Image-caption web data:
--- START ---

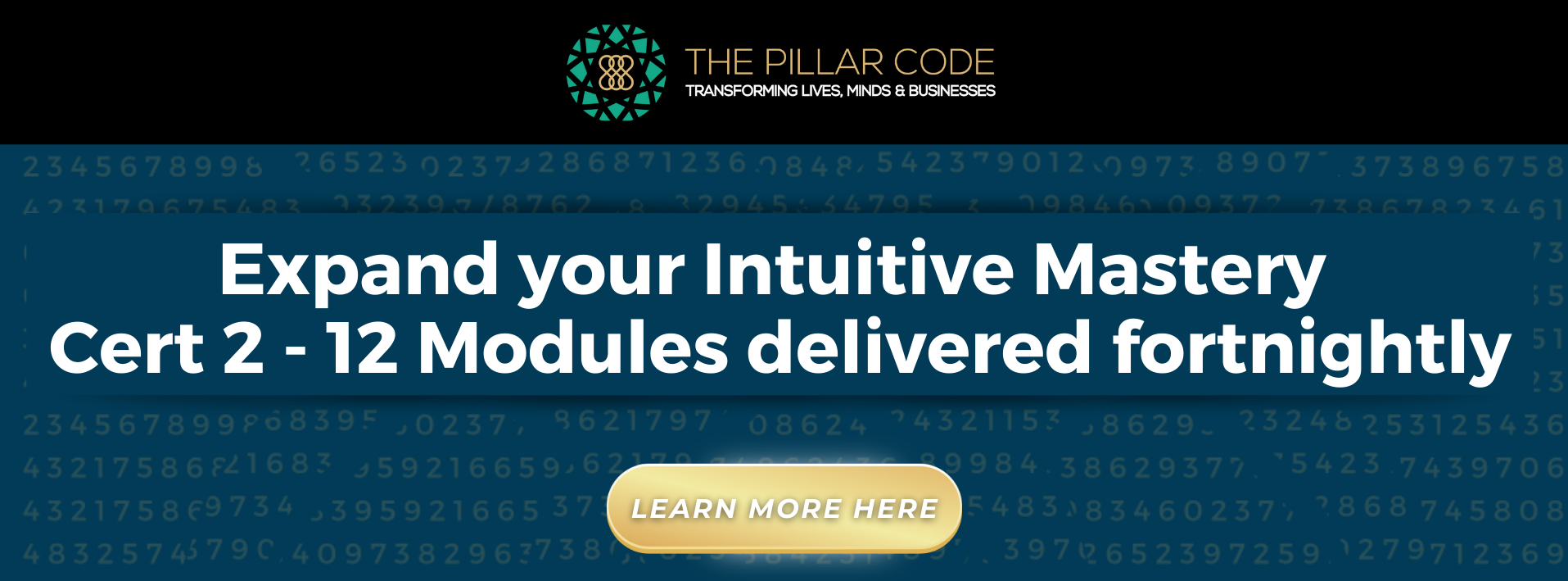 CERT 2 Intuitive Mastery Bannerv2 CERT 2 Intuitive Mastery Bannerv2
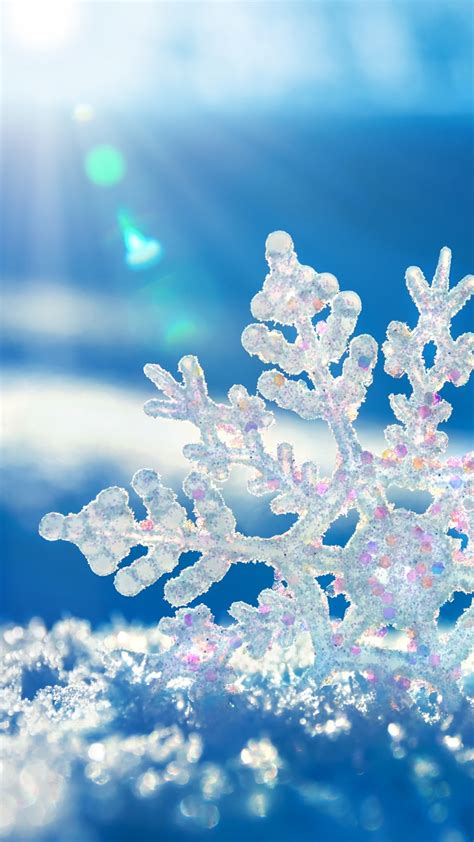Free Download Winter Backgrounds Download 3840x2400 For Your Desktop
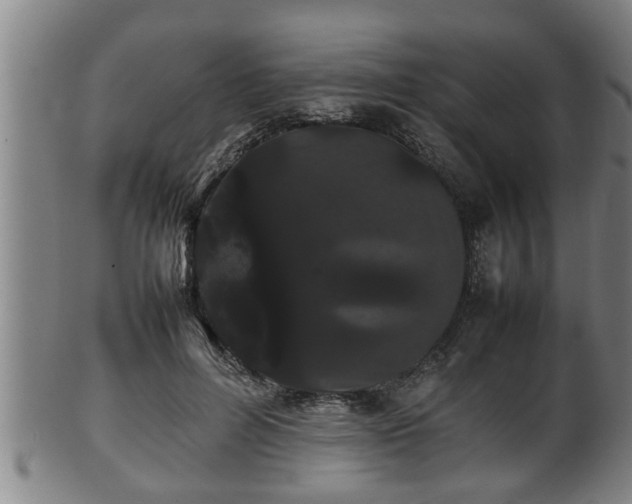 X0000100220600200806061346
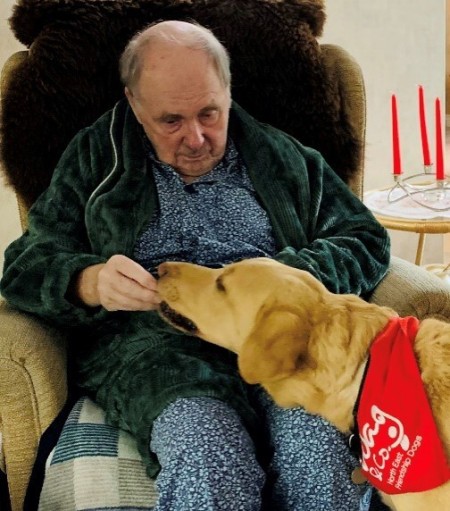 A man in a chair giving a dog a treat.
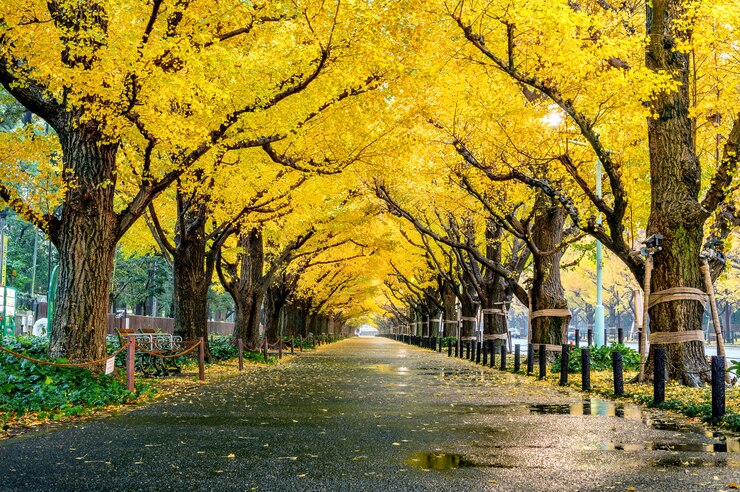 秋の黄色のイチョウの木の行。東京の秋の公園。
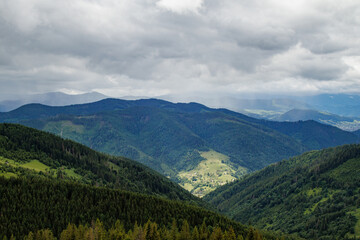 Obraz premium fields and meadows of Ukraine 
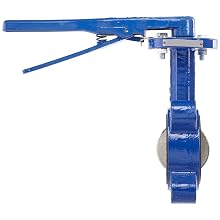 Dixon BFVL300 Ductile Iron Threaded Lug Style Butterfly Valve with Aluminum Bronze Disc and Buna-N liner, 3" Size, 200 psi Pressure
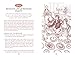 The Jane Austen Handbook: Proper Life Skills from Regency England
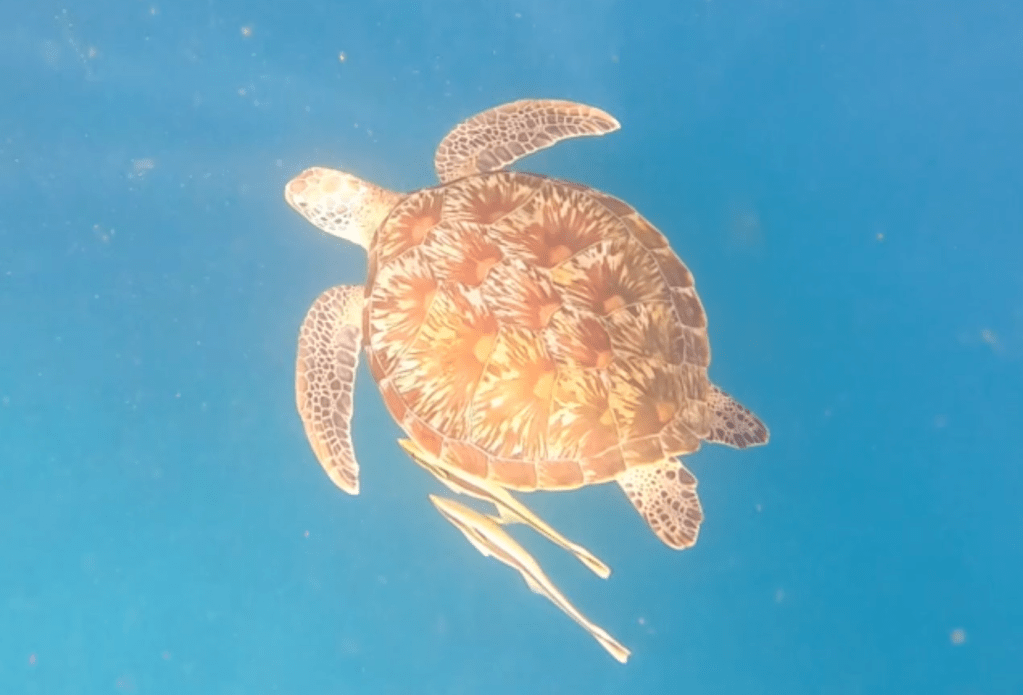 Indonesian Creatures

--- END ---

Goal of the exercise => Exactly as they stand, set down all of the entries above, minus every picture.

Result =>
 CERT 2 Intuitive Mastery Bannerv2 CERT 2 Intuitive Mastery Bannerv2
Free Download Winter Backgrounds Download 3840x2400 For Your Desktop
 X0000100220600200806061346
 A man in a chair giving a dog a treat.
 秋の黄色のイチョウの木の行。東京の秋の公園。
 Obraz premium fields and meadows of Ukraine 
 Dixon BFVL300 Ductile Iron Threaded Lug Style Butterfly Valve with Aluminum Bronze Disc and Buna-N liner, 3" Size, 200 psi Pressure
 The Jane Austen Handbook: Proper Life Skills from Regency England
 Indonesian Creatures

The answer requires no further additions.